Она скинула шубку и швырнула ее на кровать, затем села за туалетный столик и положила ногу на ногу.
— Что ты знаешь о ситуации в «Вуд и Варен»?
Она сделала нетерпеливое движение.
— Бизнес и тоска. Те страницы в газете, где пишут о деловой жизни, я обычно стелю в кошачий ящик.

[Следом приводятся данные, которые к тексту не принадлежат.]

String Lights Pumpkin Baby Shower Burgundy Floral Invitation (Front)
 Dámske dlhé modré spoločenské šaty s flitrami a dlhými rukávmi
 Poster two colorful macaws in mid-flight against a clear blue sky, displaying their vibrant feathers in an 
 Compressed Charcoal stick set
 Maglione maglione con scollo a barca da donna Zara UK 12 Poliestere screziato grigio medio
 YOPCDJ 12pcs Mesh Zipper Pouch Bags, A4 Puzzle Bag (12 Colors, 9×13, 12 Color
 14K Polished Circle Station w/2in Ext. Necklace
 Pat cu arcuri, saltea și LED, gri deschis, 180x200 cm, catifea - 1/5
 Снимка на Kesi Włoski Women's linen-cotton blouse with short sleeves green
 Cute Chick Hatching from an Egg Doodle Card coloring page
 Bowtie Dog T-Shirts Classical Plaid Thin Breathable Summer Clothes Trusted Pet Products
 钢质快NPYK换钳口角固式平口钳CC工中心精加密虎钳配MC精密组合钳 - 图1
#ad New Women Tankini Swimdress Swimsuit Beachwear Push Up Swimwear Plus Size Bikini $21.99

— И тебя не интересует раскол в семье?
— Какой раскол? Ты имеешь в виду Ланса? У меня туда ничего не вложено. У них разногласия с Эбони. Она хочет, чтобы мои акции были на ее стороне. Как она объясняет, это принесет мне выгоду. Ланс, конечно, будет вне себя, но какое мне дело? У него был однажды шанс.
— Итак, ты на ее стороне?
— Кто знает? Возможно. Она умнее его, и пришло время сделать вливание свежей крови. Большую часть времени Ланс занимался черт знает чем.
— В каком смысле?
— Дай-ка я оболью своего братца грязью, дорогуша. В душе он торговец. Когда его это устраивает, он может прекрасно запудрить вам мозги. Он полон энтузиазма, когда дело интересует его, но таких дел немного. Он абсолютно ничего не соображает в расчетах. Абсолютно ничего. Он терпеть не может торчать в офисе и ненавидит рутинную работу. Он может великолепно начать бизнес, но довести до конца это ему не по плечу. Конец связи.
— Ты сама это все придумала или так говорит Эбони?
— Я каждый день узнаю о том, что происходит на заводе. Терри помешан на работе и в основном говорит только об этом.
— Они с Лансом ладят?
— Иногда у них бывают стычки. У Терри очень развито чувство ответственности. Он просто бесится, когда кто-нибудь смешивает то, что он делает, со всяким дерьмом. Прошу прощения за медицинский термин. Ланс никогда не может верно оценить ситуацию. Это всем известно. Если не веришь, посмотри на его жену.
— А как остальные члены семьи? Они могут проголосовать за то, чтобы Ланс оказался не у дел?
— Не-а. У нас только сорок девять процентов акции. Эбони хочет хорошенько его прижать, но она не может вышвырнуть его из дела. Она может подчинить его себе, и этого-то, как я подозреваю, она и добивается.
— Как я понимаю, Басс во всем этом не участвует, живя в Нью-Йорке.
— Иногда он приезжает, чтобы принять участие в заседании совета директоров. Ему нравится изображать из себя важную персону, но он абсолютно не опасен. Обычно у них с Лансом были хорошие отношения.
— А с кем будет Эш?
— Может быть, с нами, а может быть, и нет. Совершенно очевидно: Эбони надеется поднять нас на восстание.
— А что думает ваша мать? Уж ей-то такая мысль может не понравиться.
— Она ужасно против. Она хочет, чтобы дело оставалось в руках Ланса. Не потому, что он хорош, а потому, что она не хочет никаких склок.
— Как ты думаешь, Ланс честен?
— Ланс? Ты что, издеваешься? Ни в коем случае.
— Какие у тебя с ним отношения?
— Я его не переношу. Он очень нервный и вообще псих. Терпеть не могу с ним общаться. Он мой брат, и я его люблю, не пойми меня неправильно. Он просто мне не нравится.— Она наморщила нос.— От него всегда несет чесноком, потом и этим мерзким одеколоном «Брут». И как это мужчины могут им пользоваться? Такая гадость.